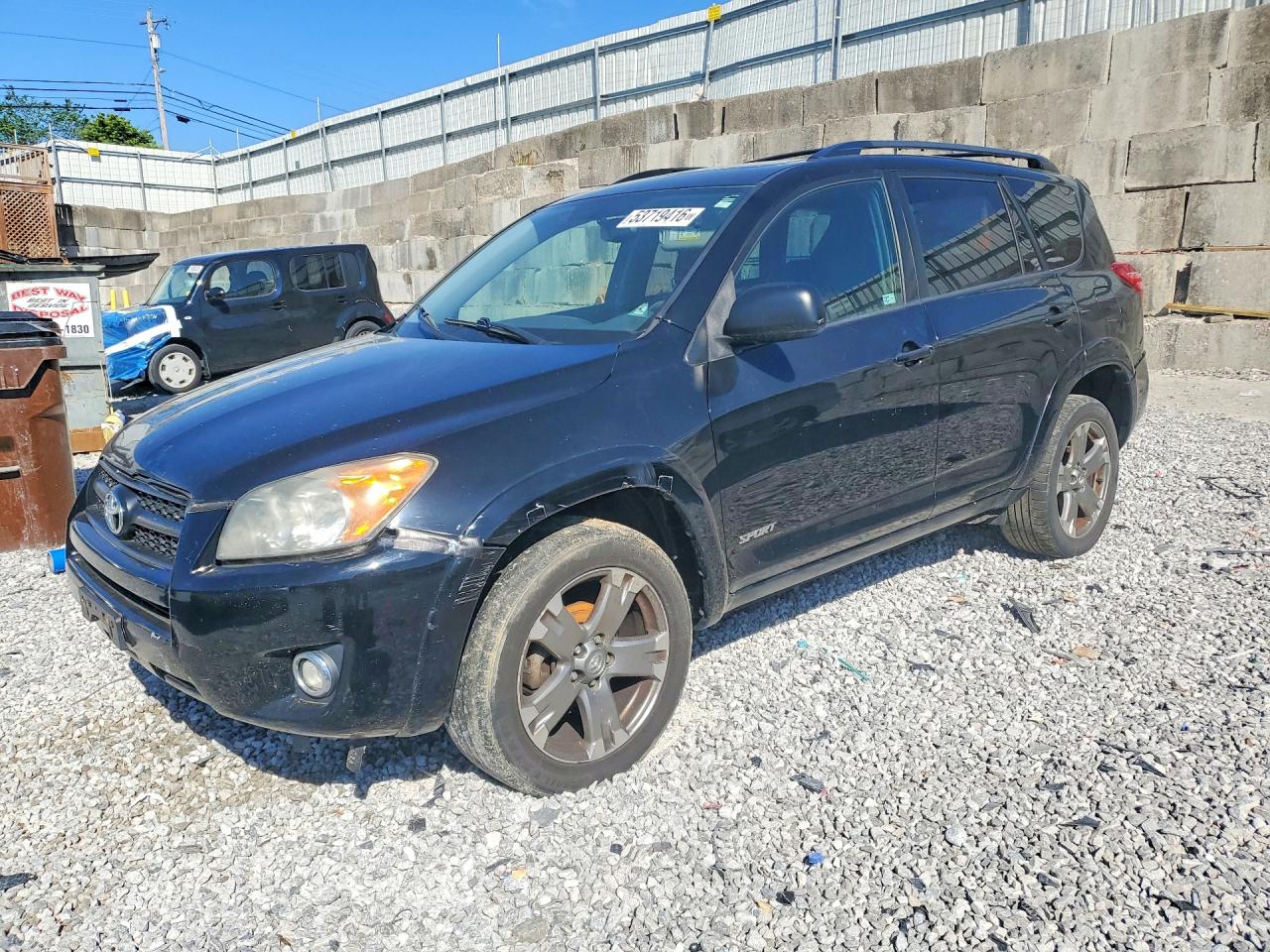Salvage Toyota RAV4 Image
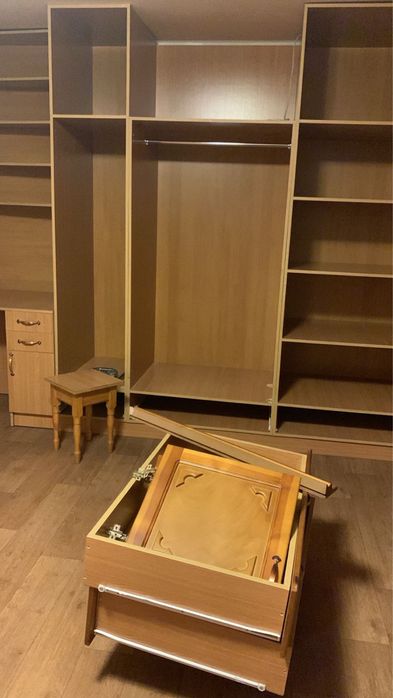 Продам шкаф ширина 3м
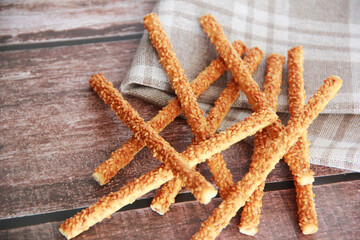 dry crackers sticks in sesame sprinkles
* * *
Work task: Reproduce all of the material exactly, apart from the pictures.

Exercise result:
Salvage Toyota RAV4 Image
 Продам шкаф ширина 3м
 dry crackers sticks in sesame sprinkles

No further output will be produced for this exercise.